In this tutorial, I’ll see how to use the standard visual classifier using IBM labels, then create our new custom classifier with Watson Visual API, last, see how it performs and compute its accuracy.

Configure your Watson service

Go to the Watson dashboard in your Bluemix account, click on “Create a Watson service” and choose Visual Recognition, free usage. In the identification data for the service, create new data, which will return url and api_key values.

Let’s set the $API_KEY shell variable to your IBM API KEY.

Prepare Dataset

Let’s download the Food 101 dataset for our classification tutorial, to classify Food.

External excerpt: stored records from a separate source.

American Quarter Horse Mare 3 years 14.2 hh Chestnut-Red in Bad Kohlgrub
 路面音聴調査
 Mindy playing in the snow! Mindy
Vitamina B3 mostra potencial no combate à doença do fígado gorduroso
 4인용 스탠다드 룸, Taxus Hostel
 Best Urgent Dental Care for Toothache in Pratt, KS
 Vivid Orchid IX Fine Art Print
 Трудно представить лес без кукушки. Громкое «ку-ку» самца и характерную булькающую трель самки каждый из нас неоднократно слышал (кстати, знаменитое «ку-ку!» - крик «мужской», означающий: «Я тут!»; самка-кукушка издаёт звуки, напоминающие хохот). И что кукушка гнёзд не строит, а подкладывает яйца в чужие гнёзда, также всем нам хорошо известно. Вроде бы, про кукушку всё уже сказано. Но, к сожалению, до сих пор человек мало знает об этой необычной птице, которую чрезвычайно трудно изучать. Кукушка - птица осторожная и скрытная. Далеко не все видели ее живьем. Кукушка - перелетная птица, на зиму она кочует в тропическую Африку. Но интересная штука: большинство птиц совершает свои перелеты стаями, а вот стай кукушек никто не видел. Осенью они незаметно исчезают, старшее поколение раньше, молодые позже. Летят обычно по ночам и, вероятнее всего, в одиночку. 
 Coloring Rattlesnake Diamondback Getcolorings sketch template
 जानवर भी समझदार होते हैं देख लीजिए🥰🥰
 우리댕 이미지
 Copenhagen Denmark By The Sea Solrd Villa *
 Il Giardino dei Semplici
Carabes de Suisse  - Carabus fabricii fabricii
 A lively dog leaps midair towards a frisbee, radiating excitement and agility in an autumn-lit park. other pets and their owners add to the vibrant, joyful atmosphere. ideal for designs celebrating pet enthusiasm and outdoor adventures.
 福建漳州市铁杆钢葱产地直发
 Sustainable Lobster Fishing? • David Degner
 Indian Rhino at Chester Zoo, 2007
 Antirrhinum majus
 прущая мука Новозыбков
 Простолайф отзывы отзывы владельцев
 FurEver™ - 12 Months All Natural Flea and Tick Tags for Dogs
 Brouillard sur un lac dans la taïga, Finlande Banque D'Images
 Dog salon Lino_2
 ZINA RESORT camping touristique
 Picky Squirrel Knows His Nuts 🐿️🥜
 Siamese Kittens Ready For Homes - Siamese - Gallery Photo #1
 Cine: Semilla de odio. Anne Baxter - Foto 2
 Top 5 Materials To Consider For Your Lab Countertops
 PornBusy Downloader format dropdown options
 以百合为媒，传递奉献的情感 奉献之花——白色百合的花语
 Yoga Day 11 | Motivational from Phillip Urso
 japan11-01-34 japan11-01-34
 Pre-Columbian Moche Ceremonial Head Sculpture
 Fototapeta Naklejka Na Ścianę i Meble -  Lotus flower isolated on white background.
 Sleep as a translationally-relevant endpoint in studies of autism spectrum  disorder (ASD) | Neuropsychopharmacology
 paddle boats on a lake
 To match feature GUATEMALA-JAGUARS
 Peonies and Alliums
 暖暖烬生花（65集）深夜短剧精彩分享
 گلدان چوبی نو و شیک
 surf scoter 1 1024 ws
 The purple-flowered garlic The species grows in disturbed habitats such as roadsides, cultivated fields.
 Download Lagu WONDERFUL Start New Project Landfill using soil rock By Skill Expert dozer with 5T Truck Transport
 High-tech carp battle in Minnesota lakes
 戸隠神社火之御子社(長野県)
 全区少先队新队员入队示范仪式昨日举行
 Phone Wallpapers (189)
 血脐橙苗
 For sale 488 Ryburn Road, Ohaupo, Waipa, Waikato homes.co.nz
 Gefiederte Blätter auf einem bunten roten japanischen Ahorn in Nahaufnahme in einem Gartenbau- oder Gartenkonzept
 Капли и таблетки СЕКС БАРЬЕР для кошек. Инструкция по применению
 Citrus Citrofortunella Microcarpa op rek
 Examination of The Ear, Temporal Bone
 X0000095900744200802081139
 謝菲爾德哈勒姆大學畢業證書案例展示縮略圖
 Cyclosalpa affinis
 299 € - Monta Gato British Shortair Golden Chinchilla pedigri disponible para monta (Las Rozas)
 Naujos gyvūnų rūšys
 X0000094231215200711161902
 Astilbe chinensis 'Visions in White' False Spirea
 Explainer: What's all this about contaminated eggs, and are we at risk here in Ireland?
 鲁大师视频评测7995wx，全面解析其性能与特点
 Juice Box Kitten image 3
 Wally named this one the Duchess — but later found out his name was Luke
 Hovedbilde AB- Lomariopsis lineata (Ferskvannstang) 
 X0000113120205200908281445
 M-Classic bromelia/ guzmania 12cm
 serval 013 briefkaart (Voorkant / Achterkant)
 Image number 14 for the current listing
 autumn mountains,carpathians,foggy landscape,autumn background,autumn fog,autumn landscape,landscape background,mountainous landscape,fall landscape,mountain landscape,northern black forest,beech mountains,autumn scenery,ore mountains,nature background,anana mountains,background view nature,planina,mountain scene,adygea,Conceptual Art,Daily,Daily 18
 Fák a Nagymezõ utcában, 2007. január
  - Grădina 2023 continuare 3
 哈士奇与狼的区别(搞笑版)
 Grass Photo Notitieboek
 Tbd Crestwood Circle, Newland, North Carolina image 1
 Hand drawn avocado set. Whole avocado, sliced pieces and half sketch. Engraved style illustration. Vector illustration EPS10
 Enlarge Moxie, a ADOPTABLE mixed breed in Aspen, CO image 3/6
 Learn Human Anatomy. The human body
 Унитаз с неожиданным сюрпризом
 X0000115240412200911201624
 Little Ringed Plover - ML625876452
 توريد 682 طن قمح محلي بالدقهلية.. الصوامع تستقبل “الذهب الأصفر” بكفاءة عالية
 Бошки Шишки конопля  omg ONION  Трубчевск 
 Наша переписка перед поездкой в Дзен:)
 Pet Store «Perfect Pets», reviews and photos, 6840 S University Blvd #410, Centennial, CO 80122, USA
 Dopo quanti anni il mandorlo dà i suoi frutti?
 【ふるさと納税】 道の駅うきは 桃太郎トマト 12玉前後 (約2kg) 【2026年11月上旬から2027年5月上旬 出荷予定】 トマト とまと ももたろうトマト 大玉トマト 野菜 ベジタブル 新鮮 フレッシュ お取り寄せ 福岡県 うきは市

wget http://data.vision.ee.ethz.ch/cvl/food-101.tar.gz
tar xvzf food-101.tar.gz

Let’s create the dataset :

First, let’s resize all images to 320 max dimension because IBM Watson Visual Recognition accepts images not more than 320x320 :

for file in food-101/images/*; do
  mogrify "$file/*.jpg[!320x320>]"
done

Second, create train and test directories :

cd food-101
mkdir train test
for SPLIT in train test ;
do
  while read -r line
  do
      name="$line"
      DIRNAME="$SPLIT/"`dirname $name`
      if [ ! -d "$DIRNAME" ]; then
        echo "mkdir $DIRNAME"
        mkdir $DIRNAME
      fi
      cp "images/$line.jpg" "$SPLIT/$line.jpg"
      echo "Name read from file - $name"
  done < meta/$SPLIT.txt
done

Third, for Watson API, keep the first 100 images per class :

for folder in train/*;
do
  count=0
  for file in $folder/*;
  do
    count=$((count+1))
    if [ $count -gt 100 ]
      then
        rm $file
    fi
done done

After many exchanges, the IBM Bluemix support tells to limit to 100 images per class, here is their answer trying to index the 1000 images per class :

I have been working this issue with the engineers and it’s looking more and more like we are hitting a performance wall due to the large number of images in each of your class datasets. It seems there is about a 1 second processing time per image when the service is under a typical user load (potentially longer under heavy user load). Given that each of your zip files contain roughly 1000 images each and the script is supplying 10 new files each time retraining is invoked, you can see that the training/retraining time can go pretty high very fast. Also to note… That when retraining occurs (using your script) we are adding another 10 new class files, to the first 10 classes that we’ve already trained on. So during the retraining process, we recall the first 10,000 image files from object storage and again process those, then we process the additional 10,000 images for a total of 20,000 images, and so on, and so on.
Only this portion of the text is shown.